É esse combate, capaz de todas as violências sob a caução formal ou informal dos Estados, o motor da peça do britânico – adaptação livre de “As traquínias”, de Sófocles, que estará em cena no Teatro Nacional São João, no Porto, até 3 de março.
Os contextos mais próximos da montagem da Assédio, companhia que celebra 26 anos com a sétima concretização cénica de um texto de Crimp, mudaram de geografia, mas também na invasão da Ucrânia se alegou “terrorismo” e a atual chacina em Gaza leva o selo do “combate ao terror”.
É uma ideia com costas largas. Tão largas que o protagonista do espetáculo – o herói mítico Héracles na peça grega, o general impiedoso no texto de Crimp – arrasa uma cidade (sob o pretexto do combate ao terror) com intuitos sexuais: não é uma recaptura de Helena, como a que motivou a guerra de Troia; é mesmo o desejo de possuir uma indígena.

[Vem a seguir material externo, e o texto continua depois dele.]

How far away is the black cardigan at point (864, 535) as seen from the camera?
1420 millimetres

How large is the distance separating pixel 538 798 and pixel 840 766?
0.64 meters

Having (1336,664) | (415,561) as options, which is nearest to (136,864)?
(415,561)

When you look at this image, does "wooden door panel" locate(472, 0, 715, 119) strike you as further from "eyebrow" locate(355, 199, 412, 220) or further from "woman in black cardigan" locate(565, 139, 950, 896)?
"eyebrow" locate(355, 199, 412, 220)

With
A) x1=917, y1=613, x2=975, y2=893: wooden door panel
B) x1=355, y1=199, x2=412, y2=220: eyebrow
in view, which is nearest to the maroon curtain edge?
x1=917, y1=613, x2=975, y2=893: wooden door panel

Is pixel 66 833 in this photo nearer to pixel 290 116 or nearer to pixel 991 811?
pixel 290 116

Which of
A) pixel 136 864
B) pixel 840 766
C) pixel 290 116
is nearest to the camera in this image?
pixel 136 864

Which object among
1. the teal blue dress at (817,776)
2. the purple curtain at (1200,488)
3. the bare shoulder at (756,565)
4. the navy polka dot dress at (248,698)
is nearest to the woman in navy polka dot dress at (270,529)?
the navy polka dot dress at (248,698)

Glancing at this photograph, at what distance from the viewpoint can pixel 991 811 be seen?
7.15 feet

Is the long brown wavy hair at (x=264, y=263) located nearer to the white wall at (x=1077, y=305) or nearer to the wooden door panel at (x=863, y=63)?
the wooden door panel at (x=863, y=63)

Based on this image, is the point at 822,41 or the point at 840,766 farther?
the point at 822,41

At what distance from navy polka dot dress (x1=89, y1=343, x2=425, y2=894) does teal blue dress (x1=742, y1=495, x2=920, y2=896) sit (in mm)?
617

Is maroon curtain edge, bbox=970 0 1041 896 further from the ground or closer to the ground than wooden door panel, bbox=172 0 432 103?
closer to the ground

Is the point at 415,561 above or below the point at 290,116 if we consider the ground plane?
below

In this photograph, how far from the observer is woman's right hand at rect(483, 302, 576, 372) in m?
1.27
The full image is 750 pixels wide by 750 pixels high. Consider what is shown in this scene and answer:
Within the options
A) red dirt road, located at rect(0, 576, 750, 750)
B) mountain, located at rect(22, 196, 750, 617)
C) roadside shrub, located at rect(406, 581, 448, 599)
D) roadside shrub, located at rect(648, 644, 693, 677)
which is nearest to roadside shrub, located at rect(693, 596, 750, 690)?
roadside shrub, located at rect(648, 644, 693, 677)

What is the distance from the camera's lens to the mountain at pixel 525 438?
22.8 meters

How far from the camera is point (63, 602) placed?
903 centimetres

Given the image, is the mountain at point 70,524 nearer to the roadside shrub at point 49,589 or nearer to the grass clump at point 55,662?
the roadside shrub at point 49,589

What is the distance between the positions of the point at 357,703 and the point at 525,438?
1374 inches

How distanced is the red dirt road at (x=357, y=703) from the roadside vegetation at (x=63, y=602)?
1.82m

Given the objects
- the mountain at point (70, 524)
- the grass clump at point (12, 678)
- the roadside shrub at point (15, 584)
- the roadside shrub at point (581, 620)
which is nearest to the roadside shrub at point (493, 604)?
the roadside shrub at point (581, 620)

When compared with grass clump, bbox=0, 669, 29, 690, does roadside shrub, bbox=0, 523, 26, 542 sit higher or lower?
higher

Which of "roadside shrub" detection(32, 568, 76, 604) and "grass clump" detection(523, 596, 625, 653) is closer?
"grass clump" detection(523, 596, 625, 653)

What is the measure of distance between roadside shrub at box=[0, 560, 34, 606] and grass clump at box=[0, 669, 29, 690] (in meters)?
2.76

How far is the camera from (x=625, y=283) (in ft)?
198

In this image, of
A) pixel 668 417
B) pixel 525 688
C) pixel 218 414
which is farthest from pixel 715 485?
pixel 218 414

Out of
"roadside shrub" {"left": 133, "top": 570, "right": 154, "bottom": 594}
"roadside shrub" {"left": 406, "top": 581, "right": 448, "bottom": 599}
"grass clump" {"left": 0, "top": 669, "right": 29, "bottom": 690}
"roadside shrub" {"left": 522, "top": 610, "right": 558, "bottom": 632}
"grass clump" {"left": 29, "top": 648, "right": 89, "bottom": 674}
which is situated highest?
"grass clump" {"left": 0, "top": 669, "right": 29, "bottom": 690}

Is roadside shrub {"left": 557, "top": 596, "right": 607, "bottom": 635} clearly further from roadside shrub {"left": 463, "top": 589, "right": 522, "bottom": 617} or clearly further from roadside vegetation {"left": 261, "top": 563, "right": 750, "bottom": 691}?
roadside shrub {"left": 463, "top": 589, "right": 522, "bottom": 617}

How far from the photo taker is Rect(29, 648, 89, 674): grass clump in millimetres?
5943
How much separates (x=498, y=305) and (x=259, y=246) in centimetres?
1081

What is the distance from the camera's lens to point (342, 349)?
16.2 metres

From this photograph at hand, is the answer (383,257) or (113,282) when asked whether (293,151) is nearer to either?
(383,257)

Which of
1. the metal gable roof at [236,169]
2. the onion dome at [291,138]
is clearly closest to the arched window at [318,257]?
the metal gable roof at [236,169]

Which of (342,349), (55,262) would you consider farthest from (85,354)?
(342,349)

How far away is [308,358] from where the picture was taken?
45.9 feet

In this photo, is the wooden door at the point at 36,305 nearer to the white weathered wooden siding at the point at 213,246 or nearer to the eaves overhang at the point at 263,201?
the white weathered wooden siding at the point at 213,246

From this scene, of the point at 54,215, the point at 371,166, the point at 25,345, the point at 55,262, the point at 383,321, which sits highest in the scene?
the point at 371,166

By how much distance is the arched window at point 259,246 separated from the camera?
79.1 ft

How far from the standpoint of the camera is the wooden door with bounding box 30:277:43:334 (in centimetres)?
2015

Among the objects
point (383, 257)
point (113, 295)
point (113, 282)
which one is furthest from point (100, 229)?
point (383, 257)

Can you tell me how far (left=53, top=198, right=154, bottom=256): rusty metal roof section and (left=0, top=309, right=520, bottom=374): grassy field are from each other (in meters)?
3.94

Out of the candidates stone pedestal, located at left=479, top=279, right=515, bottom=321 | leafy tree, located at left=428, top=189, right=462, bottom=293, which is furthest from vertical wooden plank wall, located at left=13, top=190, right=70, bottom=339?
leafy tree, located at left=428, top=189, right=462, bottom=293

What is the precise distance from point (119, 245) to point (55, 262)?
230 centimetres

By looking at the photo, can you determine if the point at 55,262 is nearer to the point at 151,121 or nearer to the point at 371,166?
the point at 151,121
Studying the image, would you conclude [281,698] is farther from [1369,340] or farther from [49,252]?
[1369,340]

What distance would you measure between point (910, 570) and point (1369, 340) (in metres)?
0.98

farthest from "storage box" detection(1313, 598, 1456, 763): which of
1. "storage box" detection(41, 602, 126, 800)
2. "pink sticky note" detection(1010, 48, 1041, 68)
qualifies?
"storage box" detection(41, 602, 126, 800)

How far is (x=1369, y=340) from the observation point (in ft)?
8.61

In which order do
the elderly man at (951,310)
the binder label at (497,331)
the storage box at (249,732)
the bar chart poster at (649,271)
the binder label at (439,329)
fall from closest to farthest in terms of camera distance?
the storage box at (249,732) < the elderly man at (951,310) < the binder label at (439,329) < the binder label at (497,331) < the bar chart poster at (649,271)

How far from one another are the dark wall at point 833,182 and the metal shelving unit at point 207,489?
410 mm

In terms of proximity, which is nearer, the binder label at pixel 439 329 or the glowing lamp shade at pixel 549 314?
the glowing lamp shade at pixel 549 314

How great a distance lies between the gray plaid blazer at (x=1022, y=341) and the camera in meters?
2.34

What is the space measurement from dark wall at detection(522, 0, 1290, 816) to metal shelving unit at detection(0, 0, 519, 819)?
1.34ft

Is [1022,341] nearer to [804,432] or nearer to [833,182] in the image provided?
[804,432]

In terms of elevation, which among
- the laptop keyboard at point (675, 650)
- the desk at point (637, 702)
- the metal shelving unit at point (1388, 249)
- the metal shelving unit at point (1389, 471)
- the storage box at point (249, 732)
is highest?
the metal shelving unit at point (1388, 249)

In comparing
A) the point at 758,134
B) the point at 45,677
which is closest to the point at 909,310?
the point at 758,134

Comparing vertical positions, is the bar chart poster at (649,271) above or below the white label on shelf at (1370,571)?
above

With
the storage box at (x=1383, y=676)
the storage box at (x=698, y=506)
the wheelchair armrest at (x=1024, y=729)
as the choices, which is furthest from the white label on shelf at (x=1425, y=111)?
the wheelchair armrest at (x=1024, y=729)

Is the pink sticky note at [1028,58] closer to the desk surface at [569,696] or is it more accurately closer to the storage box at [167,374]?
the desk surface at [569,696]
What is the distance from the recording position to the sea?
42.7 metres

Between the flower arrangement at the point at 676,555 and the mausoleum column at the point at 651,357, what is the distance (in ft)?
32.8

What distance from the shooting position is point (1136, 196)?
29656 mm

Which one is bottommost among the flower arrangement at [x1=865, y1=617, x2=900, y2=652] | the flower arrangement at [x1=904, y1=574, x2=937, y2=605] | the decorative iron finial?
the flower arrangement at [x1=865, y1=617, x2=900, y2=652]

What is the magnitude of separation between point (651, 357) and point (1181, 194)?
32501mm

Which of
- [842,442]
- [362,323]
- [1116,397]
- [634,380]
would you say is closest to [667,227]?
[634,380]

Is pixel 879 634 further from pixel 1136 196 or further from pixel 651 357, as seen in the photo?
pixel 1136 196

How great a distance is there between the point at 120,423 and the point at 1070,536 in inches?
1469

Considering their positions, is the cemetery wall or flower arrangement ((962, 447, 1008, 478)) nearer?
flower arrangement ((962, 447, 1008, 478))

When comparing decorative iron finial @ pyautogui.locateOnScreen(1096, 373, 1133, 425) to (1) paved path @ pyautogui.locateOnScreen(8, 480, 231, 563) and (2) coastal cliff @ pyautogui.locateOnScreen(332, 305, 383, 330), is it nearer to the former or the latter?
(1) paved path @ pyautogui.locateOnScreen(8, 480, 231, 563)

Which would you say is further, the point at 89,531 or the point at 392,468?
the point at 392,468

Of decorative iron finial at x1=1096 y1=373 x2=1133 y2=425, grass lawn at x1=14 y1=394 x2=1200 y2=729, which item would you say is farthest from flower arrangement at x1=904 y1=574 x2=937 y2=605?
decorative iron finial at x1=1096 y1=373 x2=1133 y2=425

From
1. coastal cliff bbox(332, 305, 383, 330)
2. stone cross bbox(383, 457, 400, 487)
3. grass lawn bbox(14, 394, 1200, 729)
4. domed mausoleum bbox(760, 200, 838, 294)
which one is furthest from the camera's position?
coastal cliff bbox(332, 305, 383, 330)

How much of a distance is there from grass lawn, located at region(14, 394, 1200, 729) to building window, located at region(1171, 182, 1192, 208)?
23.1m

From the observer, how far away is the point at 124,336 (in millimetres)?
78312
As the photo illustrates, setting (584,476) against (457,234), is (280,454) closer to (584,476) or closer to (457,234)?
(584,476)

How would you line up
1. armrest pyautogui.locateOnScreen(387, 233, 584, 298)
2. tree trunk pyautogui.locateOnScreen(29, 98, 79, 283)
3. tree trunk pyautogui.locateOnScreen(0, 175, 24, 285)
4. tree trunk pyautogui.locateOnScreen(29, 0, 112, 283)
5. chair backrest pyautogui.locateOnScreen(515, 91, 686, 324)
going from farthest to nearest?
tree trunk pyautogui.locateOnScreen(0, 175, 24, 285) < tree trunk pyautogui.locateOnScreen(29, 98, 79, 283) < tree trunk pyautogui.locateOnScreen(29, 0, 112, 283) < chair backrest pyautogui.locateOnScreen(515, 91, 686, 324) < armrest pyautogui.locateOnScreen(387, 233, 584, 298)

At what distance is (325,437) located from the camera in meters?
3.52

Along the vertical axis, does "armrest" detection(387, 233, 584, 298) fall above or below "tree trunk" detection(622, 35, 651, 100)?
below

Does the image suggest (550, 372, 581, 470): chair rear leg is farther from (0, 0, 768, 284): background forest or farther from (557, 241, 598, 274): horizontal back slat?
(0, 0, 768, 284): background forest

À espera do militar (João Castro) não está uma paciente e abnegada Penélope, mas sim uma mulher de têmpera que se recusa a cumprir o papel de vítima – e se o marido, e as suas operações, são o gatilho da situação, Amelia (Ângela Marques) é o verdadeiro centro do espetáculo (uma modernidade que Crimp assinalou na tragédia de Sófocles). São as suas emoções e decisões que dominam a cena.
A encenação de João Cardoso conta com uma bela estilização cénica de Sissa Afonso, que dá corpo ao “não-lugar” idealizado por Crimp: o hotel anónimo junto a um aeroporto. O coro da peça original é aqui assumido pelas três empregadas de Amelia, que produzem uma série de interlúdios musicais e coreográficos, emprestando ritmo e plasticidade à produção.
E porquê esta insistência, esta longa relação de “comentário” com o autor inglês por parte da Assédio? A ironia é a chave, diz João Cardoso. “O Crimp fala das coisas mais brutais e desumanas, mas sempre com uma enorme carga de ironia, sarcasmo e lirismo”.